I mean, when you show up onstage looking like death incarnate, you know the guy can’t be that same person all the time. It just wouldn’t lend itself well to making it’s way in the world. I mean, if you dwell on death, then why are you still bothering with being alive. It just doesn’t make sense.

Being a musician myself, and having attempted, mostly unsuccessfully, to write songs myself, I have learned that it takes a certain type of person to be a musician. It takes that creative, artistic person who logical people see and think, this person does not compute. I’ll make sure to stay away from him lest my circuitry comes undone.
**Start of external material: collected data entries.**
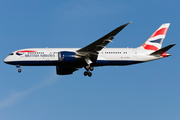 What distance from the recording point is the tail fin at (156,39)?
52719 millimetres

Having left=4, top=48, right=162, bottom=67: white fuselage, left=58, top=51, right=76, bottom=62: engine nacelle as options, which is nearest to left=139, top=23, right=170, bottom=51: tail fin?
left=4, top=48, right=162, bottom=67: white fuselage

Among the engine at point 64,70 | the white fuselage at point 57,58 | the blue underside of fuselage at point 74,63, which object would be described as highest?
the white fuselage at point 57,58

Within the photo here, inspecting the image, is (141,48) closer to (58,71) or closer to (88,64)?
(88,64)

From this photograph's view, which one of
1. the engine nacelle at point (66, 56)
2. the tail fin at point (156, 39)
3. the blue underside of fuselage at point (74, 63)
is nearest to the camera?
the engine nacelle at point (66, 56)

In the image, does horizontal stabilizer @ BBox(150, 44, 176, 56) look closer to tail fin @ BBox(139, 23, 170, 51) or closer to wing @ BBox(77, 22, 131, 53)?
tail fin @ BBox(139, 23, 170, 51)

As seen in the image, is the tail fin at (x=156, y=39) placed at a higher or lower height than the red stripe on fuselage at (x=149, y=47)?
higher

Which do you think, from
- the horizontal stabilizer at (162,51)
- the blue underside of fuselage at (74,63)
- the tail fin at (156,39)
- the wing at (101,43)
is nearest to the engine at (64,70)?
the blue underside of fuselage at (74,63)

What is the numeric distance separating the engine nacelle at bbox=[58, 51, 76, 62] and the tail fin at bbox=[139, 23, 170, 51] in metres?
11.4

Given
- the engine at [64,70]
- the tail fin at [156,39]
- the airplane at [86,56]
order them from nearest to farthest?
the airplane at [86,56], the tail fin at [156,39], the engine at [64,70]

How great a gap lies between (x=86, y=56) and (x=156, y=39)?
12.5 metres

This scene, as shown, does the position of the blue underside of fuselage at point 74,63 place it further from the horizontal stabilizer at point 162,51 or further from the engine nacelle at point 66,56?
the horizontal stabilizer at point 162,51

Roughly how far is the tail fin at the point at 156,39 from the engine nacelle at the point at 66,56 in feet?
37.5

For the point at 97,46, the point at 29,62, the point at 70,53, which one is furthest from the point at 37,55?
the point at 97,46

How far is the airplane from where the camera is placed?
154 ft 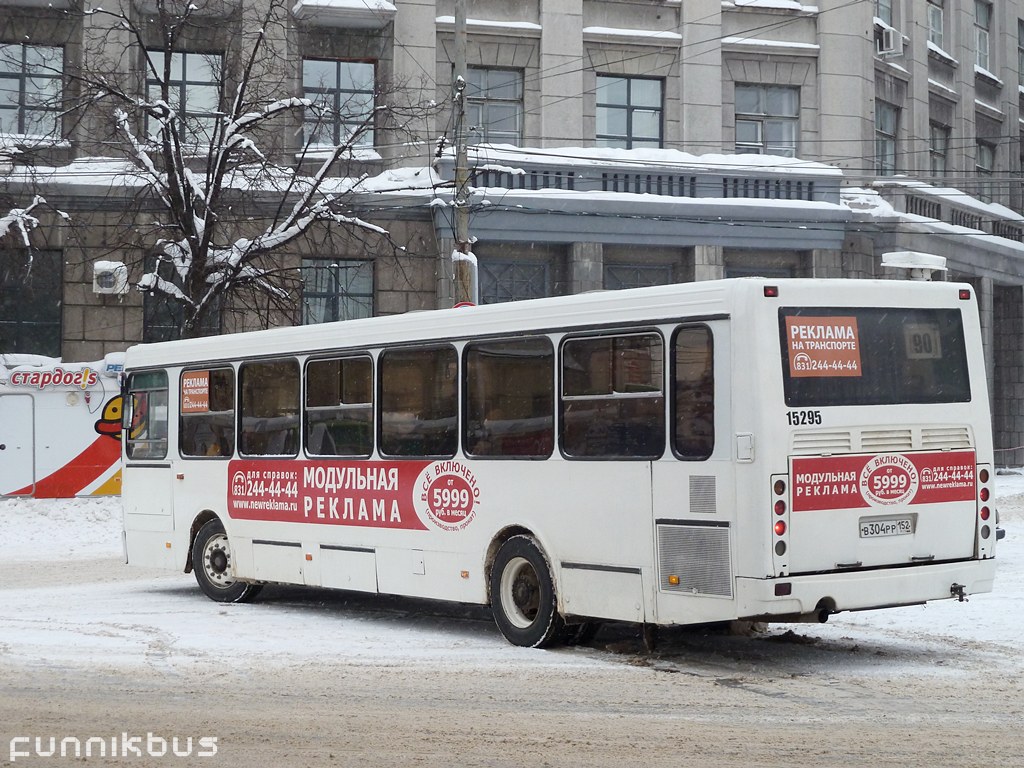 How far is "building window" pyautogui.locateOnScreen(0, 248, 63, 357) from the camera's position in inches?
1094

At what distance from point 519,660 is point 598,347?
7.53ft

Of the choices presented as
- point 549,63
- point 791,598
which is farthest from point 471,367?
point 549,63

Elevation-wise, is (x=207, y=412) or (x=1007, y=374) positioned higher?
(x=1007, y=374)

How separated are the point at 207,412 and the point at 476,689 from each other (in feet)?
21.4

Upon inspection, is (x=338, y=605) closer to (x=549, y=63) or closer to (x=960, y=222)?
(x=549, y=63)

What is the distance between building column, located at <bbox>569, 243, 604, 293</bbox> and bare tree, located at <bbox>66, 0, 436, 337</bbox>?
3.83m

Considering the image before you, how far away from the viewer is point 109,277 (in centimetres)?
2769

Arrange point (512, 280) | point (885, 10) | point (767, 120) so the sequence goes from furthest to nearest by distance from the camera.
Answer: point (885, 10) < point (767, 120) < point (512, 280)

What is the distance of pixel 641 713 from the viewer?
8.87 metres

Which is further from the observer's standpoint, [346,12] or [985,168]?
[985,168]

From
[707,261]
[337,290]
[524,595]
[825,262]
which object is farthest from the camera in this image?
[825,262]

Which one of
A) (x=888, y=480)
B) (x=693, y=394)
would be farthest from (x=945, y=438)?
(x=693, y=394)

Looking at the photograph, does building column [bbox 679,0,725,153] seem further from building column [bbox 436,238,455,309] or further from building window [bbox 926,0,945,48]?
building window [bbox 926,0,945,48]

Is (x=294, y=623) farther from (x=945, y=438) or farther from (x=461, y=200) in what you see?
(x=461, y=200) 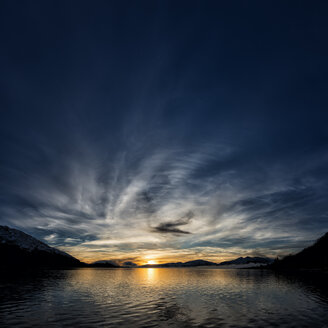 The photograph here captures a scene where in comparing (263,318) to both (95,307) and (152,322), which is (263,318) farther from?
(95,307)

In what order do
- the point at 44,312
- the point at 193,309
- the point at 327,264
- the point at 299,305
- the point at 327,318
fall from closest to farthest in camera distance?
the point at 327,318, the point at 44,312, the point at 193,309, the point at 299,305, the point at 327,264

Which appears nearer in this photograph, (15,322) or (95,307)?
(15,322)

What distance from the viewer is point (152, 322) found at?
24078 millimetres

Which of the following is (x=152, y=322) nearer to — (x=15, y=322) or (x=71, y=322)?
(x=71, y=322)

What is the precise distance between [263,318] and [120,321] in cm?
1718

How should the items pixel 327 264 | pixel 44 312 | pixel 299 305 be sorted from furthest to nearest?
pixel 327 264
pixel 299 305
pixel 44 312

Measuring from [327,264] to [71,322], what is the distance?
237 m

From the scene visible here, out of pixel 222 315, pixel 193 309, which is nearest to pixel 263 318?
pixel 222 315

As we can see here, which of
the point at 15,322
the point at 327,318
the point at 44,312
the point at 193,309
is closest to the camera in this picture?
the point at 15,322

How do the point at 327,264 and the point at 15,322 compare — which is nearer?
the point at 15,322

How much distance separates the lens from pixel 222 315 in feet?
90.6

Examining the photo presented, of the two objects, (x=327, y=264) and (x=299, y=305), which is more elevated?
(x=327, y=264)

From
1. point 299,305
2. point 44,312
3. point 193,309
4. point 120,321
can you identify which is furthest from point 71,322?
point 299,305

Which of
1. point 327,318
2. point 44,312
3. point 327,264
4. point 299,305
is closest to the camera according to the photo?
point 327,318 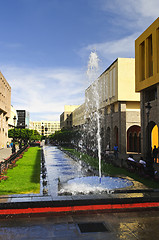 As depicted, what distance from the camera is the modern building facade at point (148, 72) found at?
69.6ft

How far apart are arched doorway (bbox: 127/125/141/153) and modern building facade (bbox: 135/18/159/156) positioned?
9471 millimetres

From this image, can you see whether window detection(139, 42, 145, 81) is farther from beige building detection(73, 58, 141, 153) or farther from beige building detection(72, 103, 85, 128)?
beige building detection(72, 103, 85, 128)

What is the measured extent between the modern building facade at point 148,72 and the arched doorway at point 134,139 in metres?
9.47

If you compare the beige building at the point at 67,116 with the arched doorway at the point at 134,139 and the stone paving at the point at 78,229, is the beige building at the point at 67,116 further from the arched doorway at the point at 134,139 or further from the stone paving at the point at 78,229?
the stone paving at the point at 78,229

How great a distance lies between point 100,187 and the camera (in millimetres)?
10305

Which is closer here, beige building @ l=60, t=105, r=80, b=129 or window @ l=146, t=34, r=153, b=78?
window @ l=146, t=34, r=153, b=78

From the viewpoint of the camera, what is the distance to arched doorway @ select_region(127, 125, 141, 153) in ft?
112

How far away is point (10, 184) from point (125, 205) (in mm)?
6051

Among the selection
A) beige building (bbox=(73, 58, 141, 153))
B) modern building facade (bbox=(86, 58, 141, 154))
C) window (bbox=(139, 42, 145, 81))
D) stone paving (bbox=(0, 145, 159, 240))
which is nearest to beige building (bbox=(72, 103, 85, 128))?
beige building (bbox=(73, 58, 141, 153))

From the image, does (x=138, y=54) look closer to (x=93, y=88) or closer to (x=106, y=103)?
(x=106, y=103)

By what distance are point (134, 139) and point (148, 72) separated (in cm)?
1424

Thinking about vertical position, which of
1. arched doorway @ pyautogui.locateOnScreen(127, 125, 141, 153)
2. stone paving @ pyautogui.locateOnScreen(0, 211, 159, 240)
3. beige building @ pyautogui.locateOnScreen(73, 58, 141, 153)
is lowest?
stone paving @ pyautogui.locateOnScreen(0, 211, 159, 240)

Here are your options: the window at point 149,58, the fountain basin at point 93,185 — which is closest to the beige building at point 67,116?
the window at point 149,58

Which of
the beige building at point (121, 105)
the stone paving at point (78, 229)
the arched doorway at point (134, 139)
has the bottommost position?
the stone paving at point (78, 229) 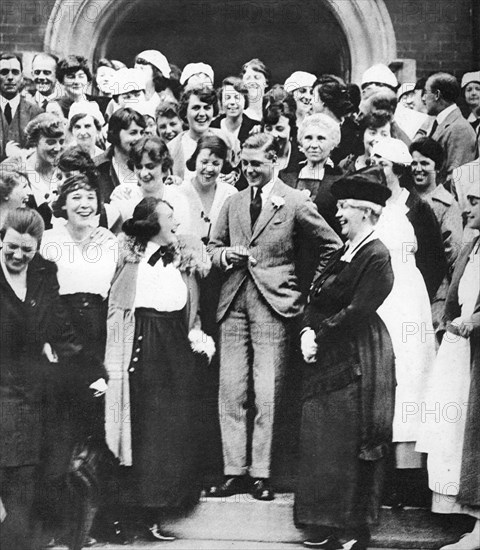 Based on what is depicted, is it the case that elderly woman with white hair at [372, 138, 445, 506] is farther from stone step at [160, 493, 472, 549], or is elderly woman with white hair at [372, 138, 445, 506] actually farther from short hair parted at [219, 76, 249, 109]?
short hair parted at [219, 76, 249, 109]

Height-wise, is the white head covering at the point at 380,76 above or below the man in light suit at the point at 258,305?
above

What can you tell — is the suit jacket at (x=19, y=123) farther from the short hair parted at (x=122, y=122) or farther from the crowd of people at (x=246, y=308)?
the short hair parted at (x=122, y=122)

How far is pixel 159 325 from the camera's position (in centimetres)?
538

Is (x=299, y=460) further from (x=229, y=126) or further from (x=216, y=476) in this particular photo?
(x=229, y=126)

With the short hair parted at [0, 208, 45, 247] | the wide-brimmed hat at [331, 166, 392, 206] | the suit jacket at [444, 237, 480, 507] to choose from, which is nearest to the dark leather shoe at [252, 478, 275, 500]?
the suit jacket at [444, 237, 480, 507]

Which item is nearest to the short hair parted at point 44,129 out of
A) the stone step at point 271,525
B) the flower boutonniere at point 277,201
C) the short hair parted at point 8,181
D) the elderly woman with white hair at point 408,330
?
the short hair parted at point 8,181

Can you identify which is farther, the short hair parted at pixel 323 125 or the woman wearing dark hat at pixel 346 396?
the short hair parted at pixel 323 125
But if you look at the stereotypical metal fan, you see one thing: kicking butt personified. These guys are big. They’ve probably spent more than a third of their lives in the gym, and another third beating you in Halo online. They have the beards, the piercings and tattoos. They are ready to kill whatever crosses their path in the wrong way. They are ready to beat whichever girl they prefer over the head with a club and then take her back to the cave to have their way with her. They are ready to purposely hit a deer with their truck and take a bite out of it without even dressing it. They are ready to guzzle beer after beer and wash it all down with a Jager bomb. Stay out of this guy’s way.
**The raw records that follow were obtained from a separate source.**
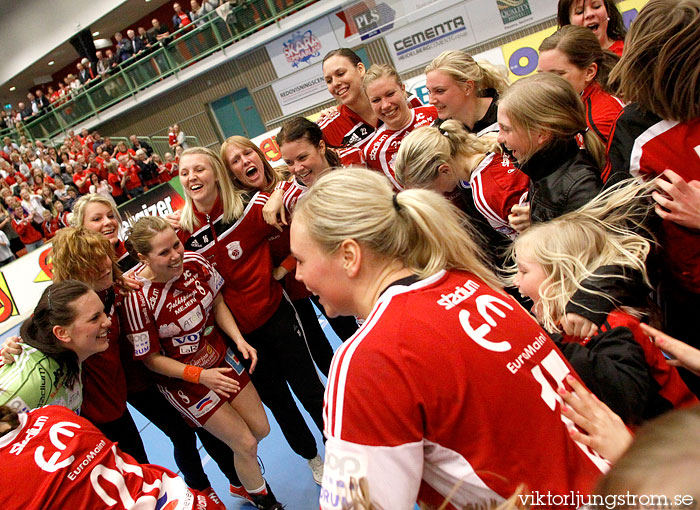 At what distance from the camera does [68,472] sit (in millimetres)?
1724

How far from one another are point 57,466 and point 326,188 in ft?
4.57

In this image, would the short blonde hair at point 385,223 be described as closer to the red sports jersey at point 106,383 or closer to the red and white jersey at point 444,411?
the red and white jersey at point 444,411

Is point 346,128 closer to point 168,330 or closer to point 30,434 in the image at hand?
point 168,330

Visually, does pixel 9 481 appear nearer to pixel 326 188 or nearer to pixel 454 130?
pixel 326 188

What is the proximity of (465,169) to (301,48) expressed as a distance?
14.5 meters

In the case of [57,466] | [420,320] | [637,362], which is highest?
[420,320]

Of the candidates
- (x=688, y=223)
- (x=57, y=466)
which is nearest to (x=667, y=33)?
(x=688, y=223)

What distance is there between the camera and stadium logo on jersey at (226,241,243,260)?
3072 mm

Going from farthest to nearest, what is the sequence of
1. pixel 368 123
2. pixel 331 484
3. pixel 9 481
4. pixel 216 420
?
pixel 368 123
pixel 216 420
pixel 9 481
pixel 331 484

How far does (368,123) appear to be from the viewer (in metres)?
3.96

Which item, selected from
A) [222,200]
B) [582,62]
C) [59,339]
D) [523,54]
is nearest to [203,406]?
[59,339]

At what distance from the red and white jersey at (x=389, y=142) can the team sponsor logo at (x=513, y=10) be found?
9160 millimetres

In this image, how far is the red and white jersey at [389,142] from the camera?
350 centimetres

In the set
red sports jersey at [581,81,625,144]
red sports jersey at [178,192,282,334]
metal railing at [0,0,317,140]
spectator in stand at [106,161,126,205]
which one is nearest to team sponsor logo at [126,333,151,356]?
red sports jersey at [178,192,282,334] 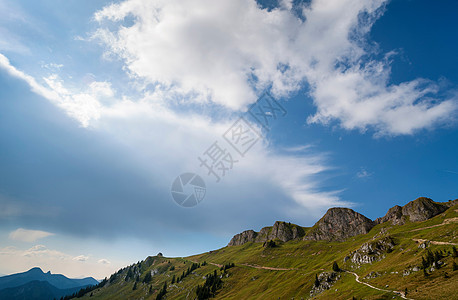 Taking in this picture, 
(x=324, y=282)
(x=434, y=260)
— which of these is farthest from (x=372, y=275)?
(x=324, y=282)

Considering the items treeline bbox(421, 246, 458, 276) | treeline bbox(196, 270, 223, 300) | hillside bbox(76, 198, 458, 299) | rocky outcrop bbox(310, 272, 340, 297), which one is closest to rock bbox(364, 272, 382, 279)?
hillside bbox(76, 198, 458, 299)

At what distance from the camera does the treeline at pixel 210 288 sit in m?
155

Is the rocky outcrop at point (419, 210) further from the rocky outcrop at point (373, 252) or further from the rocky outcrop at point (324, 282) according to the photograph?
the rocky outcrop at point (324, 282)

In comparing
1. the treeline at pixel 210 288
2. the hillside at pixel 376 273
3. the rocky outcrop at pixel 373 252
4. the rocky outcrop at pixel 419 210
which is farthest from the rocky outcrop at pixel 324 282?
the rocky outcrop at pixel 419 210

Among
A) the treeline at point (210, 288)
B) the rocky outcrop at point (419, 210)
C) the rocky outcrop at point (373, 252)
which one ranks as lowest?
the treeline at point (210, 288)

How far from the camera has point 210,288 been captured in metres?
166

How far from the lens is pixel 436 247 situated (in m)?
86.6

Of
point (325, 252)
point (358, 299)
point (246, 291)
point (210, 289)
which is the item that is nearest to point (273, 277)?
point (246, 291)

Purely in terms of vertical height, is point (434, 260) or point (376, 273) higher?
point (434, 260)

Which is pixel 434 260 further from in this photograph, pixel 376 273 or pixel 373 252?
pixel 373 252

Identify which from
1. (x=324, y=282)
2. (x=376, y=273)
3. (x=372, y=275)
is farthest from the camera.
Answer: (x=324, y=282)

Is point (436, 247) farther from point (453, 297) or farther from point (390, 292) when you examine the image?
point (453, 297)

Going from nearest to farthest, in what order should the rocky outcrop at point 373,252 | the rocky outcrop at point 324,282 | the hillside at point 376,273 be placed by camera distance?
the hillside at point 376,273 < the rocky outcrop at point 324,282 < the rocky outcrop at point 373,252

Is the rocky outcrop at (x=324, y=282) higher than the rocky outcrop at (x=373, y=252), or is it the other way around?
the rocky outcrop at (x=373, y=252) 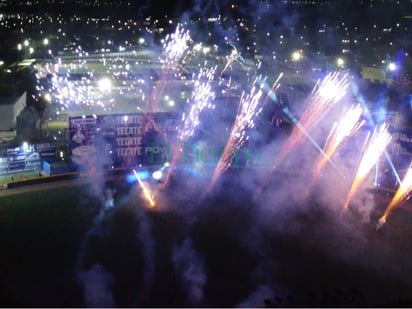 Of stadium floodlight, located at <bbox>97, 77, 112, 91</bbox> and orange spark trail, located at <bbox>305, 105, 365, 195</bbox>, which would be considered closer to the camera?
orange spark trail, located at <bbox>305, 105, 365, 195</bbox>

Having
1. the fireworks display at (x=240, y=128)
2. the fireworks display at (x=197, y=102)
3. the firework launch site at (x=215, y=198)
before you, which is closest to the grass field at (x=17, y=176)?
the firework launch site at (x=215, y=198)

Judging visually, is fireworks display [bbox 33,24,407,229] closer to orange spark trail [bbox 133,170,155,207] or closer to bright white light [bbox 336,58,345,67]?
orange spark trail [bbox 133,170,155,207]

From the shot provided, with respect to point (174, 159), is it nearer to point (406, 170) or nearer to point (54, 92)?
point (406, 170)

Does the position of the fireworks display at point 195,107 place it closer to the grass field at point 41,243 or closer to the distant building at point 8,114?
the grass field at point 41,243

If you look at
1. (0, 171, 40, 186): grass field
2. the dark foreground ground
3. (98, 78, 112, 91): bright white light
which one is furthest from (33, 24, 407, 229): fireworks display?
(0, 171, 40, 186): grass field

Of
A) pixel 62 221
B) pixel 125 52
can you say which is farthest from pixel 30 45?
pixel 62 221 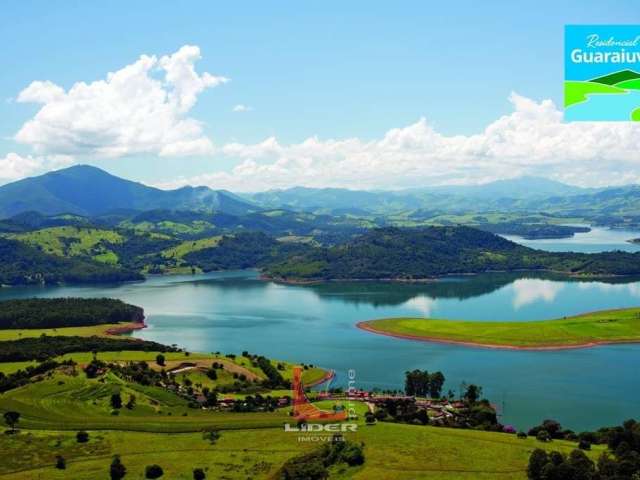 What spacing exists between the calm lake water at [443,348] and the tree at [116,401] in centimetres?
3408

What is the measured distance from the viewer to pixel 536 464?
5338cm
And the metal bands attempt to cater to this. The music speaks for itself. It is tough. Tough enough to wrestle with these tough guys and nearly get a pin. Tough as nails. Tough as rocks. Tough as a Ford F-150. It will chew you up and spit you out. Aurally, of course.

But the guys who make it aren’t the tough guys themselves. Because increasing muscle mass doesn’t count as creativity. The creative gene is in these metal men. Not the kill-it-dead gene. As a result, you see documentaries about these guys and think, “weird, that guy has a fine art collection in his house.”
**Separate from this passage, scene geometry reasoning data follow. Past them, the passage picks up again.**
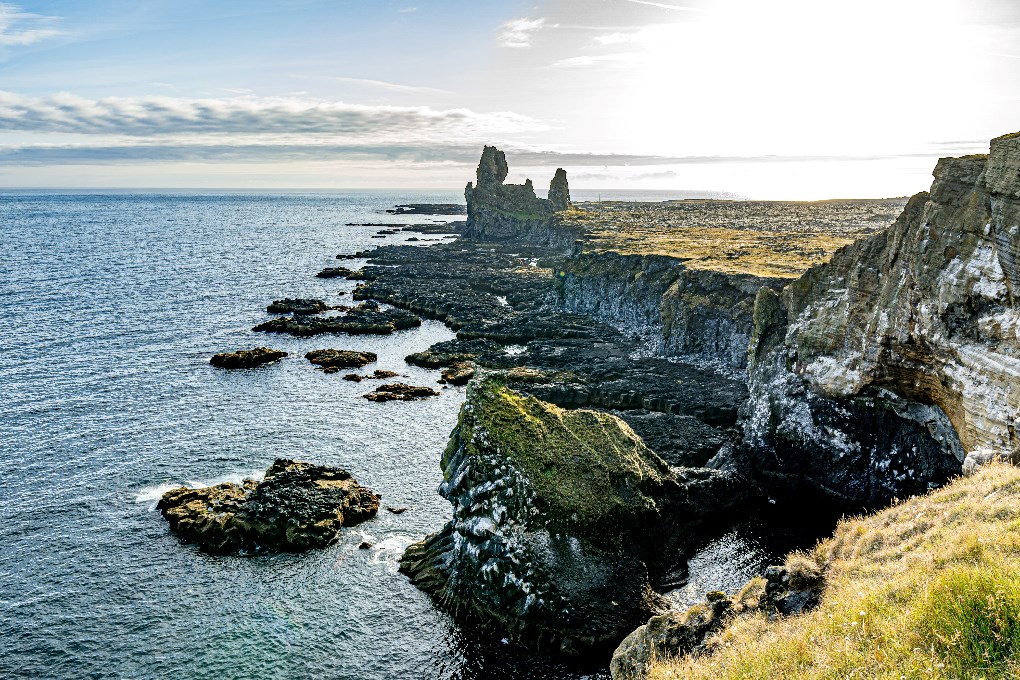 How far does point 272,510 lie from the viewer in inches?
1375

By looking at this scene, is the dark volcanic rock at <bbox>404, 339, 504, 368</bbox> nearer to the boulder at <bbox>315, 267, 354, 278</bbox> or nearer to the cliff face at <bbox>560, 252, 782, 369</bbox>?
the cliff face at <bbox>560, 252, 782, 369</bbox>

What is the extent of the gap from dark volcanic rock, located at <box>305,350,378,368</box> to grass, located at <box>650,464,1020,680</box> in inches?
2107

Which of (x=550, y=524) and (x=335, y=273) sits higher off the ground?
(x=335, y=273)

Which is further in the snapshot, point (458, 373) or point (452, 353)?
point (452, 353)

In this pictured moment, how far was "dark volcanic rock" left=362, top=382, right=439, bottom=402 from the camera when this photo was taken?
5575cm

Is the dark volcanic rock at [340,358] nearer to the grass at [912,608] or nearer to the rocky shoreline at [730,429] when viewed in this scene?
the rocky shoreline at [730,429]

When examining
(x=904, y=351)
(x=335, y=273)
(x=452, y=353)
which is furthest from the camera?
(x=335, y=273)

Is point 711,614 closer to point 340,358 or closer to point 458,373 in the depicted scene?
point 458,373

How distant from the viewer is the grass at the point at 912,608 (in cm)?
1077

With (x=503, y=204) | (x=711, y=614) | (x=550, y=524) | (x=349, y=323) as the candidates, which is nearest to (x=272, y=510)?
(x=550, y=524)

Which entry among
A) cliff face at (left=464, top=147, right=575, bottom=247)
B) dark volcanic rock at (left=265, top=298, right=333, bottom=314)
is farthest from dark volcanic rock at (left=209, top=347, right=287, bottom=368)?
cliff face at (left=464, top=147, right=575, bottom=247)

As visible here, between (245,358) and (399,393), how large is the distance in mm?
20564

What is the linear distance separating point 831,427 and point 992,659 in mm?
30097

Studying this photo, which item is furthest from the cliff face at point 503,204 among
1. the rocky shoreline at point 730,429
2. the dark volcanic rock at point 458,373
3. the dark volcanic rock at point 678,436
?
the dark volcanic rock at point 678,436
But it’s not just the random metal dude who has that. They all are like that!

It takes a certain mind to create the complexity of metal. That mind has to think creatively and spatially, like an interior decorator or a landscaper. It has to create the sprawling audioscape. But then, it has to add the brutality. In order to cater to its barbaric fans, it must layer anger and hardness to extreme levels over music, that if you took away all the brutality, would likely make you stop and think.

This is why metal is awesome. It can encompass a wide range of emotions and feelings, from the shallowest, to the deep end. It takes up the entire swimming pool. Heck, the entire ocean! It reaches down your throat and tears your guts out, and then it arranges them nicely in a bouquet, so you can admire the beauty of what was once inside your own body.

But it takes a certain man to put this together. A man who is willing to bury his love of poetry and kumquats underneath piles of rotting corpses to create such a hellish paradise. The beast is unleashed onstage but is contained in the reserved metal man in all other areas of his life.

If the typical metal fan met his metallic hero, he would probably be quite disappointed. I can’t officially recommend it, but I personally enjoyed Metallica’s “Some Kind of Monster” film. Metallica, being what I call the McDonald’s of metal, gets stripped down to its basics as we see drummer Lars Ulrich sell off his large collection of paintings. Yes, one of the world’s most well-known metal drummers had his own fine art collection. He even teared up as he watched it being auctioned off piece by piece.

This is what it takes to be a man of metal. Like the Tin Man of the Wizard of Oz, he may be hard on the outside, and even claim to lack a heart. But deep down, he is quite soft, caring and accommodating. Thus is the dichotomy of metal man. Fear him. Love him.